Anfang September wurde der Referentenentwurf des Bundeswirtschaftsministeriums zur Änderung des EEG („EEG 2021“) veröffentlicht. Der Entwurf soll voraussichtlich am 23.09.2020 im Kabinett behandelt werden. Nachstehend fassen wir die wichtigsten Inhalte zur Windenergie an Land zusammen:

1. Ausschreibungsvolumen

Die installierte Leistung von Windenergieanlagen an Land soll bis 2030 auf 71 GW steigen (§ 4 Nr. 1 EEG 2021). Der Entwurf sieht einen Pfad für die Ausschreibungsvolumen bis 2028 vor. Dabei werden die für 2021 bereits vorgesehenen Sonderausschreibungen integriert. Folgende jährliche Mengen sind vorgesehen:

2021 - 4.500 MW
2022 - 2.900 MW
2023 - 3.000 MW
2024 - 3.100 MW
2025 - 3.200 MW
2026 - 4.000 MW
2027 - 4.800 MW
2028 - 5.800 MW

Hinzu kommen jeweils die nicht bezuschlagten Mengen des dritten vorangegangenen Kalenderjahres. Für die Jahre 2021 bis 2023 werden sich die Mengen aufgrund der Unterzeichnungen in den vergangenen Ausschreibungsrunden also erhöhen. Da aufgrund der nach wie vor verhaltenen Entwicklung der Genehmigungszahlen zu erwarten ist, dass die Mengen für 2021 nicht ausgeschöpft werden, dürfte auch für 2024 ein Übertrag anstehen. Abgezogen werden wiederum die installierte Leistung aus Ausschreibungen außerhalb Deutschlands für Windenergieanlagen im Bundesgebiet und aus Pilotwindenergieanlagen. Entfallen sollen künftig die gemeinsamen Ausschreibungen für Wind und Solar.

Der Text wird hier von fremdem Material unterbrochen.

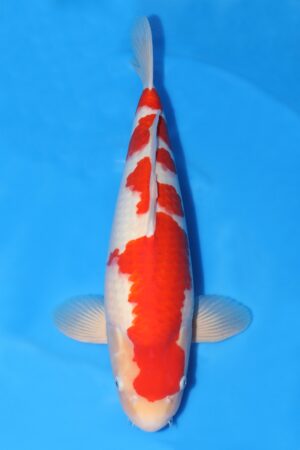 Kohaku - SK-756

Der Entwurf orientiert sich damit zunächst an der derzeitigen Situation, in dem der Ausbau der Windenergie vor allem durch eine zu geringe Anzahl an Genehmigungen begrenzt wird, und sieht dann einen stärkeren Zuwachs ab dem Jahr 2026 vor. Insgesamt wird der Branche damit ein verlässlicher Ausbaupfad vorgestellt, wobei die dem Ausbaupfad zugrundeliegenden Annahmen zum Stromverbrauch bis 2030 streitbar sind.

Um die Verwaltung der Bundesnetzagentur zu entlasten, gibt es künftig nur noch drei Ausschreibungstermine (1. Februar, 1. Mai und 1. September).

2. Höchstwert

Der Höchstwert der Gebote im Ausschreibungsverfahren wird für 2021 auf 6,2 Cent festgesetzt (§ 36 b EEG 2021). Der Höchstwert sinkt ab dem 01.01.2022 um 2 % pro Jahr gegenüber dem jeweils vorangegangenen Kalenderjahr. Die Degressionsregelung soll den zu erwartenden Kostensenkungspotentialen entsprechen und den Akteuren Planungssicherheit gegeben. Es bleibt allerdings eine Festlegungskompetenz der Bundesnetzagentur nach § 85a EEG 2021, die auch abweichende Höchstwerte festsetzen kann, wenn die gesetzlichen Höchstwerte nicht mehr dem Förderbedarf entsprechen.

3. Ende des Netzausbaugebiets; Südquote

Die Zuschlagsbeschränkungen für das Netzausbaugebiet entfallen vollständig. Das Netzausbaugebiet konnte seine beabsichtigte Wirkung nicht erreichen, weil die zuschlagsfähige Menge aufgrund des zu geringen Anteils an Projekten überwiegend nicht erreicht wurde.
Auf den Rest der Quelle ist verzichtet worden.